Nike Live raises the bar
In July, Nike raised the bar with its first Nike Live store in Los Angeles, which offers digital experiences in a physical retail environment.
"We have to create both a digital and physical experience for them," said Michael Martin, vice president of digital products at Nike in describing Nike Live to interviewer Deborah Weinsing, president and CEO of Coresight Research.
The store, according to a Forbes article, is using data from online purchases to determine the location for the store and its product assortment. Customers, using a Nike app, can reserve an item for pickup at a locker in the store. They can also scan codes on products in the store to check product information and availability.
Martin said Nike selected the store's location based on its proximity to its customers using a process known as a "digital ecosystem." A digital ecosystem, according to Wikipedia, is "a distributed, adaptive, open socio-technical system" that allows self-organization, scalability and sustainability.

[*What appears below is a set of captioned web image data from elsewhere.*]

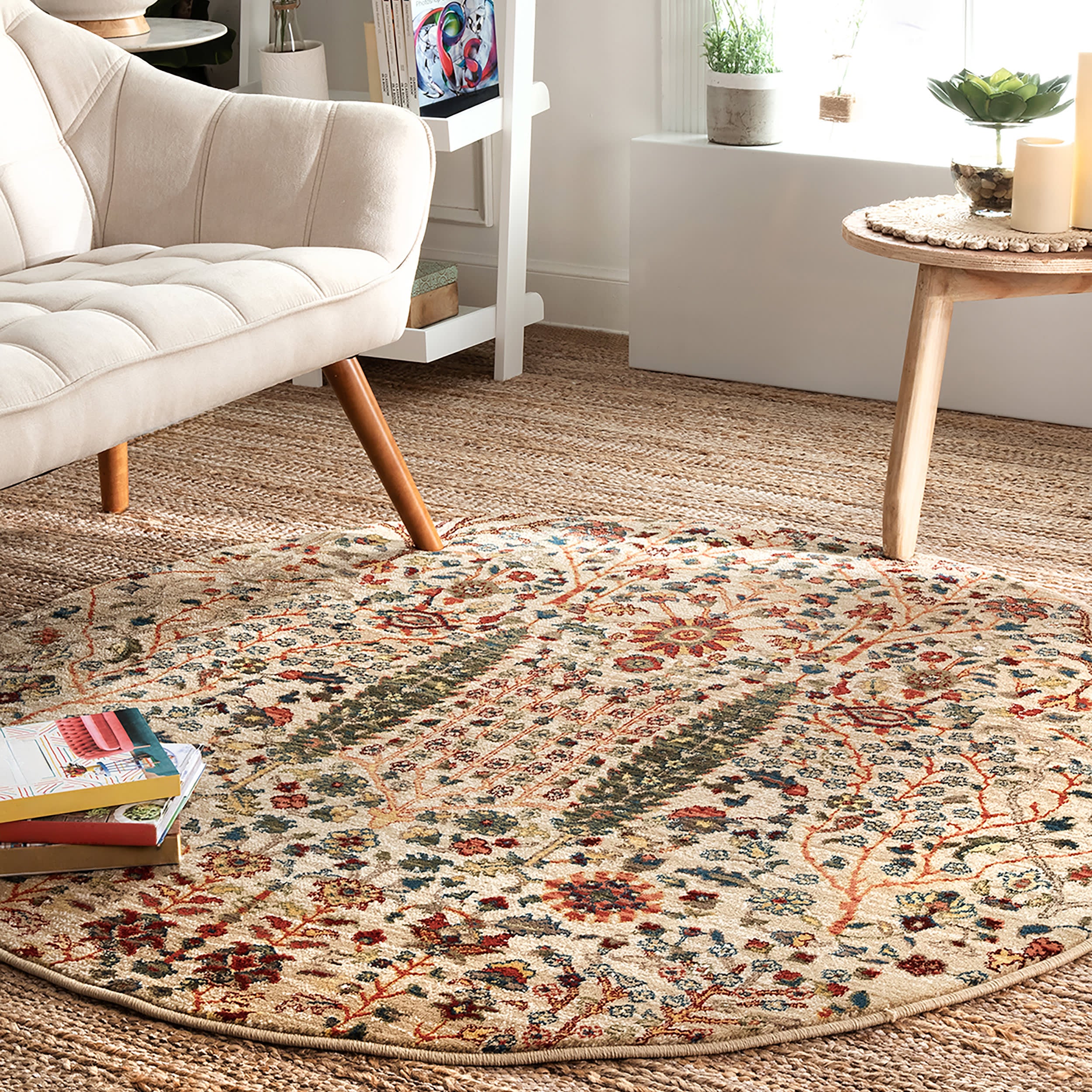 Floral Fringed Rug | Olive - Image 2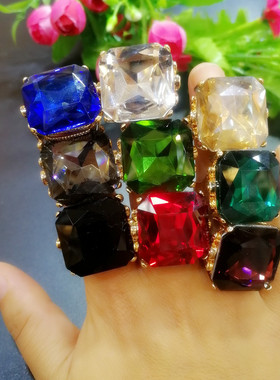 活口仿锆钻石戒指铜夸张女可调节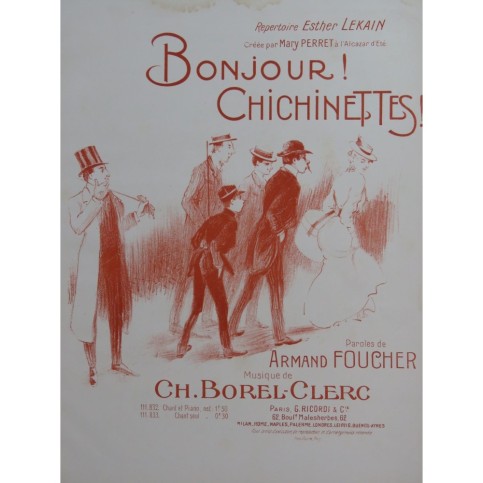 BOREL-CLERC Charles Bonjour ! Chichinettes ! Chant Piano
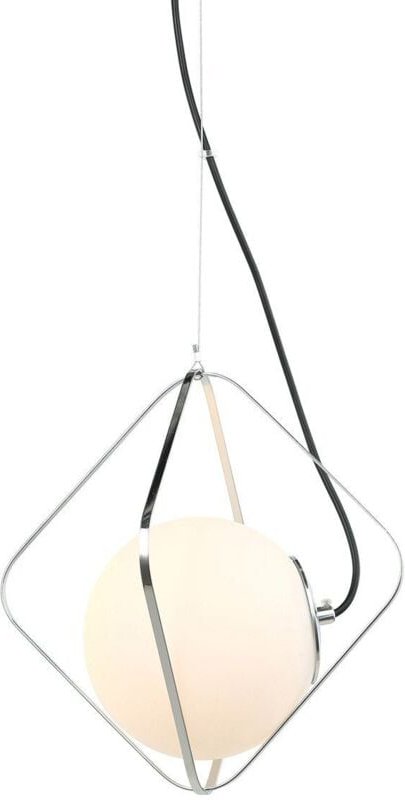 Canto - Moderner hängender Anhänger Chrom, Schwarz 1 Licht mit weißem Schatten, E27 dimmbar - Italux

The scalability aspect, Martin said, is critical as scalable digital platforms provide a way to get to know customers better.
Digital initiatives support customization
Such digital initiatives are key to the company's customization efforts, which Nike views as crucial to success.
For example, the Nike Run Club app lets users track their exercise, access coaching insight and join with fellow runners, according to the company website, while a training club app offers 185 workouts and audio and visual guidance and goals.
These apps allow Nike to engage with customers worldwide, despite the fact that sports differ among nations and groups, Martin said.
Nike has even been able to create a shoe customized to a specific consumer community, Martin said. One such shoe that sold out in its targeted community managed to gain a worldwide following, he said.
Dick's Sporting Goods enters the fray
Dick's Sporting Goods, meanwhile, is also undergoing a digital transformation, said Vidya Jwala, chief e-commerce and supply chain officer. The company recently introduced an online concierge service with landing pages rich in content and imagery to allow athletes to find products in an enjoyable manner.
When interviewer Krystina Gustafson, vice president of Shoptalk, raised a question about pure play e-commerce versus legacy retailers, Jwala didn't hesitate to state that the legacy retailer's infrastructure gives the means to get products to customers faster, despite having higher overhead costs. The physical stores also provide a tool for building communities with their customers, he said.
Looking to the future, Jwala said he is optimistic about artificial intelligence, partly because it will enable the company to give customers more accurate delivery dates, as well as being able to better optimize inventory and customer recommendations.
The technology he is most excited about, however, is blockchain. Jwala said it will come into its own once it undergoes the cleansing process that all established technologies go through, such as dotcom technology providers in the 1990s.
The challenge of selecting a technology provider is especially tough when it comes to deploying technologies, he noted, as it underscores the importance of the retailer's own technology capabilities.